Aujourd'hui nous avons été relevés comme prévu sur les positions de Yasinovataya, toujours sous le feu de l'ennemi, notamment de snipers qui couvrent le secteur d'une toile d'araignée d'acier invisible mais mortelle..
Les groupes sont partis vers Donetsk en fin de matinée, les cœurs lourds de l'absence des 2 camarades tués cette semaine par des balles ukrainiennes, dont l'un a sa dépouille toujours sur le terrain, irrécupérable du fait des tirs permanents des snipers ukrops.
À notre retour à la caserne, une foule civile et militaire attend, silencieuse et recueillie autour d'un cercueil ouvert, navire armé de soie et de fleurs colorées pour le dernier voyage d'un jeune homme ayant nourri cette terre familiale de son amour et de son sang.
Sans pause ni transition, nous rembarquons pour un cimetière de Makeevka au milieu d'un convoi de bus et voitures transportant la famille, les amis et camarades venus saluer une dernière fois Daniel et recueillir dans leurs cœurs le souvenir indélébile de son sacrifice.
Dans cette forêt d'arbres et de croix orthodoxes mélangés dans un entrelacs d'allées étroites et sinueuses, l'atmosphère est à la fois lourde et majestueuse.
Entourant leur fils une dernière fois, une mère en pleurs et un père en uniforme incarnent dans la dignité la souffrance de ce peuple du Donbass qui, malgré la haine qui le frappe cruellement depuis 4 ans, reste accroché sous les tirs ukrainiens à sa Liberté sacrée.

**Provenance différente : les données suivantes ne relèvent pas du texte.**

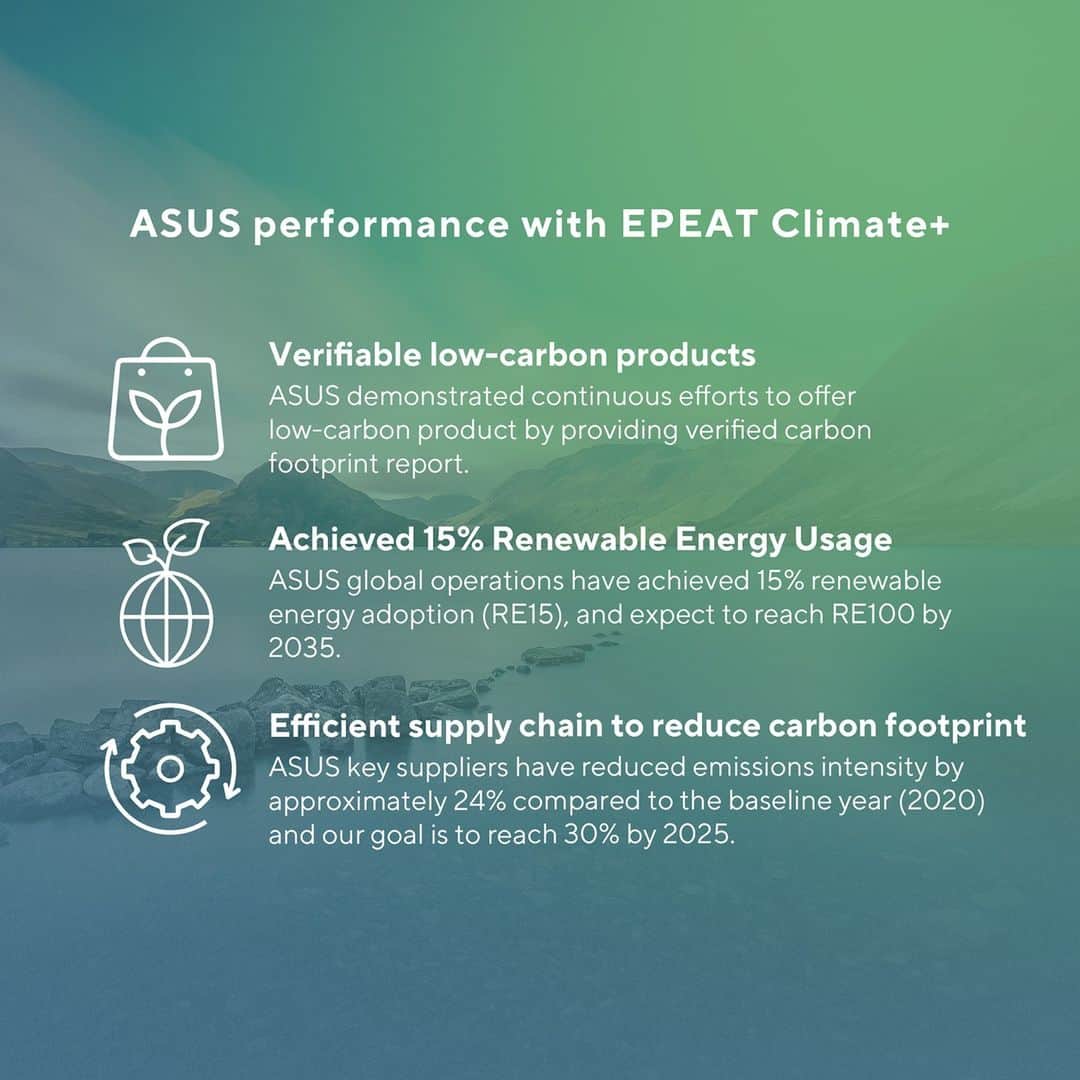 ASUSさんのインスタグラム写真 - (ASUSInstagram)「We are honored to be named as an EPEAT Climate+ Champion!🌱👑 Swipe to the end to learn more about EPEAT Climate+ 👀 ⁣ ⁣ Check out www.epeat.net for registration status and tier levels by country. ⁣ ⁣ #ASUS #ASUSESG #SustainingAnIncredibleFuture」11月7日 1時00分 - asus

Notre groupe tirent des salves d'honneur tandis que ce sol noir du Donbass, labouré par l'Histoire, après avoir acueilli un de ses fils, se referme sous les poignées de terre et de larmes mélangées. J'espère, de mon côté, que ces balles offertes au ciel inviteront les dieux à accueillir cet homme au banquet éternel des héros morts au combat.
Nos pensées sont aussi dirigées vers la dépouille absente de cet autre camarade disparu au combat, mais point dans nos cœurs.
De retour à la caserne, la guerre reprend les commandes de nos destinées choisies, ne nous accordant que le temps de laver notre fatigue avant un nouveau déploiement sur ce front en ébullition constante, mais qu'il nous faut tenir nuit et jour.